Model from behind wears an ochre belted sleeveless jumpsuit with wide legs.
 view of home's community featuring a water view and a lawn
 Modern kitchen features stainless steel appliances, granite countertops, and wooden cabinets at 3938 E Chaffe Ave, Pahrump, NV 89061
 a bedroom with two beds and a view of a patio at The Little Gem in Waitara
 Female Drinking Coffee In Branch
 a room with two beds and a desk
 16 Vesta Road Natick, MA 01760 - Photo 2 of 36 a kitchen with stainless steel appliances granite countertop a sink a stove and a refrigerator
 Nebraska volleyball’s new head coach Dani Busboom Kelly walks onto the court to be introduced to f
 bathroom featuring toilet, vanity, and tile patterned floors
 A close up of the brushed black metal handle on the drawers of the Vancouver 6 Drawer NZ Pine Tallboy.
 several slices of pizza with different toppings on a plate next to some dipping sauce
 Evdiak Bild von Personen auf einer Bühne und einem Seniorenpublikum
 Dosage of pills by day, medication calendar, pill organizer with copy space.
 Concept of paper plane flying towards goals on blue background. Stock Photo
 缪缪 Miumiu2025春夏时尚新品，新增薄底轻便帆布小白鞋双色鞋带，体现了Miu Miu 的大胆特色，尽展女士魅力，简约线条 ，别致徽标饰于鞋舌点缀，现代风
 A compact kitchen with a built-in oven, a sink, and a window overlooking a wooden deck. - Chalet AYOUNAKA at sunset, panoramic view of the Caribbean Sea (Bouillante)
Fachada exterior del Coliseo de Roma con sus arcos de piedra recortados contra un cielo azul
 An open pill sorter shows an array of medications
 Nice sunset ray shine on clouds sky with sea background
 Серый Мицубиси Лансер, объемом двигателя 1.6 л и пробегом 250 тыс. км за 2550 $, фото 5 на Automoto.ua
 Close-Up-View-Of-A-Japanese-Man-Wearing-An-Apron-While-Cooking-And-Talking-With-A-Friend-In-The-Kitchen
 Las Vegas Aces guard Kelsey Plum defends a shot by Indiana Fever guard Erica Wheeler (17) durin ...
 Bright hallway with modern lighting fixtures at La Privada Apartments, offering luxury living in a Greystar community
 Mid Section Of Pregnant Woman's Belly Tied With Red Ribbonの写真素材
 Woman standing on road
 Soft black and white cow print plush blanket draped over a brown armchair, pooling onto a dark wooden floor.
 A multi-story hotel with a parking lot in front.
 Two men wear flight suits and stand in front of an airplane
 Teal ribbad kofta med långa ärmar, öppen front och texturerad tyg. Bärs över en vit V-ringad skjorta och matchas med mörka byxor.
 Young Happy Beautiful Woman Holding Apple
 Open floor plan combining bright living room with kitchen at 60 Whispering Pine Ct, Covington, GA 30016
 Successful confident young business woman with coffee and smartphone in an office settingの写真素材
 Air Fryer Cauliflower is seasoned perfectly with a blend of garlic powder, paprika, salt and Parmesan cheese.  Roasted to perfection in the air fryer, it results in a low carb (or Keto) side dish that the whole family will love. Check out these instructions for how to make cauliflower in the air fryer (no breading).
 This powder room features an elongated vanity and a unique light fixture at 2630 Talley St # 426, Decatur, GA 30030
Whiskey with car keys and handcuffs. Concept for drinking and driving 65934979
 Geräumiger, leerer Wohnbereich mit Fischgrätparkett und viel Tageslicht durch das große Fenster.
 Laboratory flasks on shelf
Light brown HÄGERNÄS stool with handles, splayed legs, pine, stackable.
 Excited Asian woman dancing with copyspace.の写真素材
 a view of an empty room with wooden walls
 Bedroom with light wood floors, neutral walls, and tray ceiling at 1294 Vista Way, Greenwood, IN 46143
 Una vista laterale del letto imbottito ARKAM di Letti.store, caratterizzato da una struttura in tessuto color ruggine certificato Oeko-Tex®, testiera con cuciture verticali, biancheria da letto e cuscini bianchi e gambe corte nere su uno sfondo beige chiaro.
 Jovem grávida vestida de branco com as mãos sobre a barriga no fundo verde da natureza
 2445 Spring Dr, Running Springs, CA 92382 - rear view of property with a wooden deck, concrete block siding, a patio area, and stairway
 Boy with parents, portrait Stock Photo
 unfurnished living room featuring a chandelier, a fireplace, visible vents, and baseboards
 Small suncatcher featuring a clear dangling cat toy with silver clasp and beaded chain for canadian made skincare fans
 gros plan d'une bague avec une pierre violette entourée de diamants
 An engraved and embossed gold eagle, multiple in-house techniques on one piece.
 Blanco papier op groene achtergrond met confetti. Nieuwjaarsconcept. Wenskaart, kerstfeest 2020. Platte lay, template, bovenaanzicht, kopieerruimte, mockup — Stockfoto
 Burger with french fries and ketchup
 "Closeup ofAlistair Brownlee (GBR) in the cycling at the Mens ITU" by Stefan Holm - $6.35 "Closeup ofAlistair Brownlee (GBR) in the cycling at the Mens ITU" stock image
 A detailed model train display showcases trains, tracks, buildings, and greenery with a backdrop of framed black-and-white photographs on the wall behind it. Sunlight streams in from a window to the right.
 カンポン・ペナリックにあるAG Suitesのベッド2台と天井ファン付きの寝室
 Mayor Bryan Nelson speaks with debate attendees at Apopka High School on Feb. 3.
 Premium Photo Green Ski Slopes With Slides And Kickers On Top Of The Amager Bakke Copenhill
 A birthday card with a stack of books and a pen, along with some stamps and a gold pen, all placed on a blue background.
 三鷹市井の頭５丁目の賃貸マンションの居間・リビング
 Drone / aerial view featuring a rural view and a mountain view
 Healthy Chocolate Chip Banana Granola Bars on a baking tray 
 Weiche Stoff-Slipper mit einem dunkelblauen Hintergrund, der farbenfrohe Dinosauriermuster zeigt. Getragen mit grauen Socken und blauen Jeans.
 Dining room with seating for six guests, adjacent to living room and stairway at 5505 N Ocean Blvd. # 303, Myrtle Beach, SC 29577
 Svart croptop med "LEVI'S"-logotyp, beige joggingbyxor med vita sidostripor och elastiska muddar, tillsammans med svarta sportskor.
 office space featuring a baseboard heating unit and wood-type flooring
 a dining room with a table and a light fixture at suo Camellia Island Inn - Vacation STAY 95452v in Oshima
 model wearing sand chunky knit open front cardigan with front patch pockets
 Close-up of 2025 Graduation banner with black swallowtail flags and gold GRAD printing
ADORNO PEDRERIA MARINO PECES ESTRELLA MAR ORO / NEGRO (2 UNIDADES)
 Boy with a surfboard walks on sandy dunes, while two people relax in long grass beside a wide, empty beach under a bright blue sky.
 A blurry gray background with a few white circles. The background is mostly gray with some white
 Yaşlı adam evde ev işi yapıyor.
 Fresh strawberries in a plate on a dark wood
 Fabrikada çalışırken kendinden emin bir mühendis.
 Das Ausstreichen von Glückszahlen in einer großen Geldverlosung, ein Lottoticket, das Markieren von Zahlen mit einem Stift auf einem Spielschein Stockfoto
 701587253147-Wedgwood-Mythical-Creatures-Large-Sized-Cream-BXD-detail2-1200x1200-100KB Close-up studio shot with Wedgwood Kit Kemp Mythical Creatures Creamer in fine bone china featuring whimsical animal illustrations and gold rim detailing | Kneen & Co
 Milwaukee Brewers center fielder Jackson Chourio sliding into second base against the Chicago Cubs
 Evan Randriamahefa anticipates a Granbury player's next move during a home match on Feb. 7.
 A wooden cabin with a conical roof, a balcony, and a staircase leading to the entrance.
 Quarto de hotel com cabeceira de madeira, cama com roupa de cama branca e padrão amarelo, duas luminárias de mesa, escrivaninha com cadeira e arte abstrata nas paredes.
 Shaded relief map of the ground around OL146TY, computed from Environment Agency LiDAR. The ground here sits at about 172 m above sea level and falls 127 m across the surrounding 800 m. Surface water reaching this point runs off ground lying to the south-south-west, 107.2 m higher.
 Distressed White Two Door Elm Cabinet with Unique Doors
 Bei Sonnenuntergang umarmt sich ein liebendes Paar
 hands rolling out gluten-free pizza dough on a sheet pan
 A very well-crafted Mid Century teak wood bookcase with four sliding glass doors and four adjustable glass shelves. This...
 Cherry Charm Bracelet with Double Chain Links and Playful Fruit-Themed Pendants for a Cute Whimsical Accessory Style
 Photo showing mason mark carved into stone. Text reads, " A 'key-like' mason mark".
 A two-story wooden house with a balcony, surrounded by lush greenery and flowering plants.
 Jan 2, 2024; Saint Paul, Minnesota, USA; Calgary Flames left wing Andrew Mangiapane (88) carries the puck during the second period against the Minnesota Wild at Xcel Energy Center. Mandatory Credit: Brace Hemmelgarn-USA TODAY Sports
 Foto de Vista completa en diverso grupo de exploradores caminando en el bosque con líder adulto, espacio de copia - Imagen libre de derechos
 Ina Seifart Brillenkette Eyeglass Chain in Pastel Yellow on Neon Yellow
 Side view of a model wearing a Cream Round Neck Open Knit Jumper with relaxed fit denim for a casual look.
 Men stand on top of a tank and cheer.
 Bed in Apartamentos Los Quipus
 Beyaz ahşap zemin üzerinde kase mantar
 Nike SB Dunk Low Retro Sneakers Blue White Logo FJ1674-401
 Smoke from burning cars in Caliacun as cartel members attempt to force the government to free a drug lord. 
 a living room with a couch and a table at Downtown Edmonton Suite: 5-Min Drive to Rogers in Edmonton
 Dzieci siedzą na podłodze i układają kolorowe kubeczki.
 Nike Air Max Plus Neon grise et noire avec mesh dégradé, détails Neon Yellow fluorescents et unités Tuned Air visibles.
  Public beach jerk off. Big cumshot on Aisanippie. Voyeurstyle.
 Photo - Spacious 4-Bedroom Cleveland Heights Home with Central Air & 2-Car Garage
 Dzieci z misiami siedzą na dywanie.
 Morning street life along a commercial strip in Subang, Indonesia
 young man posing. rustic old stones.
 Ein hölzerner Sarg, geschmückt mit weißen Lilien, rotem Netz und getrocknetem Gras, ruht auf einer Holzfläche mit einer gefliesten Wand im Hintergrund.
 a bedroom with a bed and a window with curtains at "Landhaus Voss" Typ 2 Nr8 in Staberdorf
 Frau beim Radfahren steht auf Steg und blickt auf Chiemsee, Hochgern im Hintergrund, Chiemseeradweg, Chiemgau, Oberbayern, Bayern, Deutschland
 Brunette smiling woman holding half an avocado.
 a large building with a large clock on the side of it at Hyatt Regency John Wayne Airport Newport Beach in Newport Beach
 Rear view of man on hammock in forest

◇ ◇ ◇ ◇ ◇

#### Work instructions
Whenever the word "tray" turns up in a line of the listing above, copy the line.

#### Output for this exercise
 Bedroom with light wood floors, neutral walls, and tray ceiling at 1294 Vista Way, Greenwood, IN 46143
 Healthy Chocolate Chip Banana Granola Bars on a baking tray 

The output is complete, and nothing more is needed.